Авдей Каллистратов тоже ходил на тайные собрания, слушал разговоры о революции, в которую не верил. «А хоть бы и случилась, – думал он, – все вернется на круги своя. И дело даже не в пролитой крови, а в том, что прольется она напрасно». На квартирах Авдей Каллистратов обнаруживал себя среди мальчишек, знал наперед, чем все обернется, видел, что сила вещей рано или поздно превратит их в таких же жирных котов, которые вызывают у них негодование. И все равно посещал их тайные вечери, куда его гнало одиночество. «Только росток живет, – вспоминал он китайскую мудрость. – Состоявшееся уже умерло». И, посещая «квартирники», где жизнь била ключом, Авдей Каллистратов грелся у чужого огня. Исходя из своего богатого опыта, он давал разумные советы, а про себя думал: «Разве можно обсуждать, как жить, если не знаешь зачем?» Вскоре Авдей Каллистратов стал пользоваться уважением, превратившись в министра теневого кабинета, и никто не догадывался, что он таким образом скрашивает жизнь. Его прежние отношения с писателями научили Авдея Каллистратова держать язык за зубами, но в интернет-группе он разоткровенничался:
«Одно правительство стоит другого, но почему от этих людей, много худших меня, зависит моя жизнь?»
«Вы что же, анархист? – по-своему поняла Зинаида Пчель. – Как же совсем без правительства? А кто будет указы писать?»
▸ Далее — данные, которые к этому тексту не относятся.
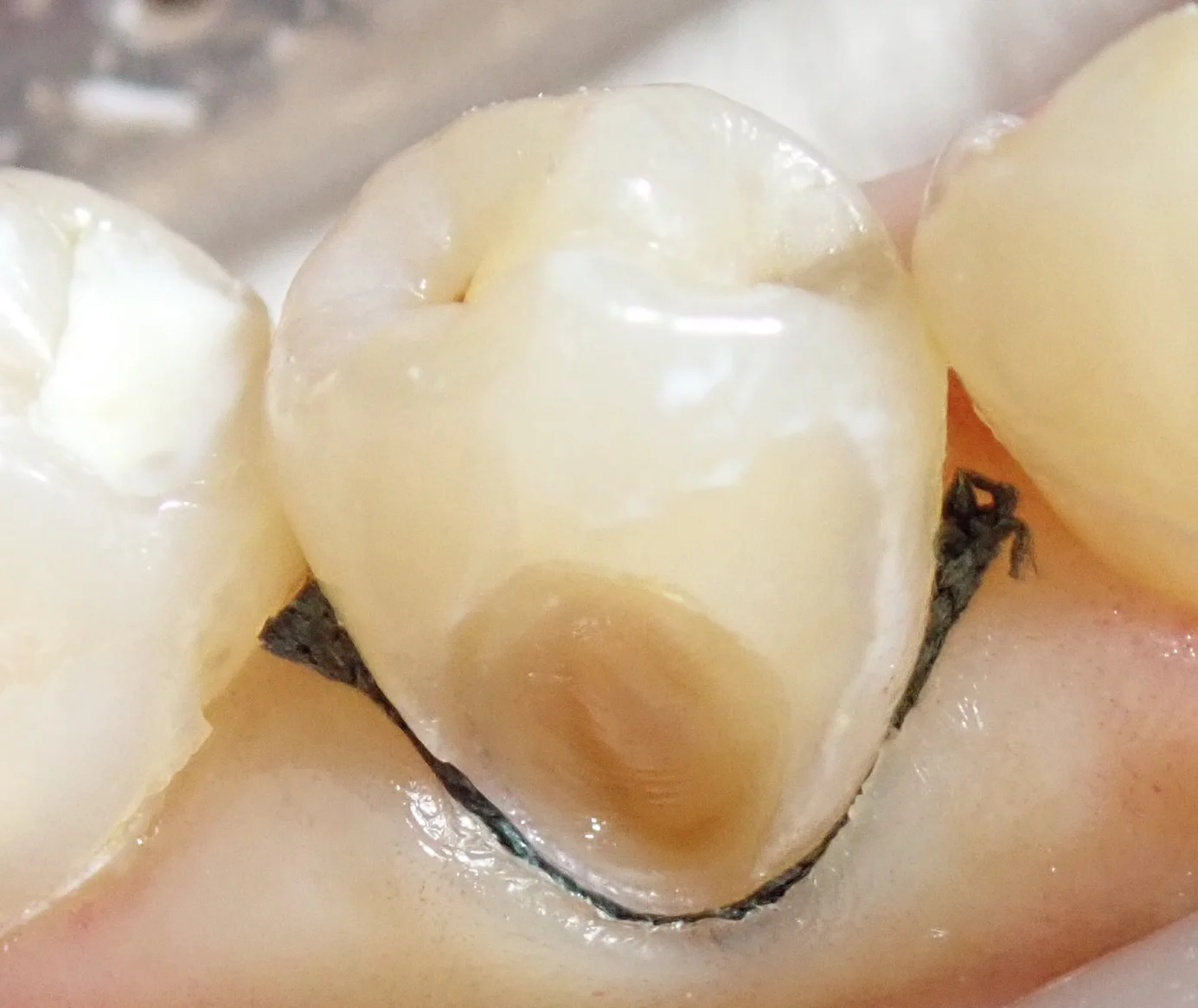 圧排糸を使ったレジン治療。｜坂寄歯科医院（取手市藤代） - 画像4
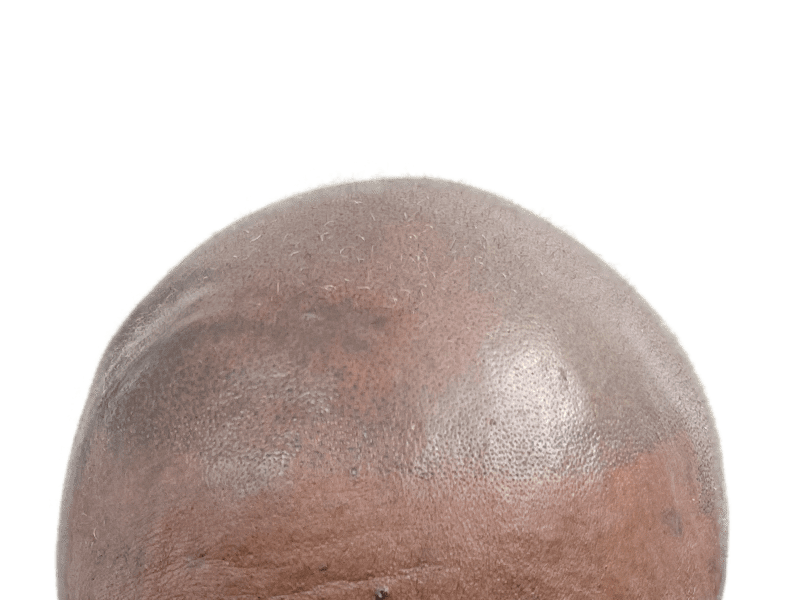 Hair transplant result: Bald African American man with new hairline. Hair restoration success.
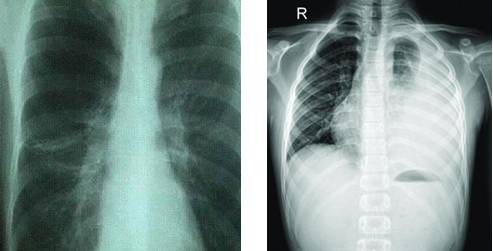 怀孕拍了x光片胎儿一定不能要吗,拍x光片10天后发现怀孕了怎么办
«Да он сам метит в правители, – вмешалась Дама с @. – Какой из него анархист, просто баки нам заправляет».
И Авдей Каллистратов вспомнил, что стар, что, подбери он самые правильные, самые нужные слова, его все равно не поймут, потому что все языки бессильны выстроить мост между поколениями. «Крепкое дерево обречено на смерть, – снова вспомнил он китайцев. – Но зачем тогда мудрость? Чтобы легче умереть?»
«А что вас, собственно, не устраивает? – писал ему Сидор Куляш. – Вы свободны и можете позволить себе жить в любой стране. На выбор! Или хотите обратно в прошлое? Нравится рабство, голод?»
«Не трудитесь, – осадил он. – У меня есть телевизор».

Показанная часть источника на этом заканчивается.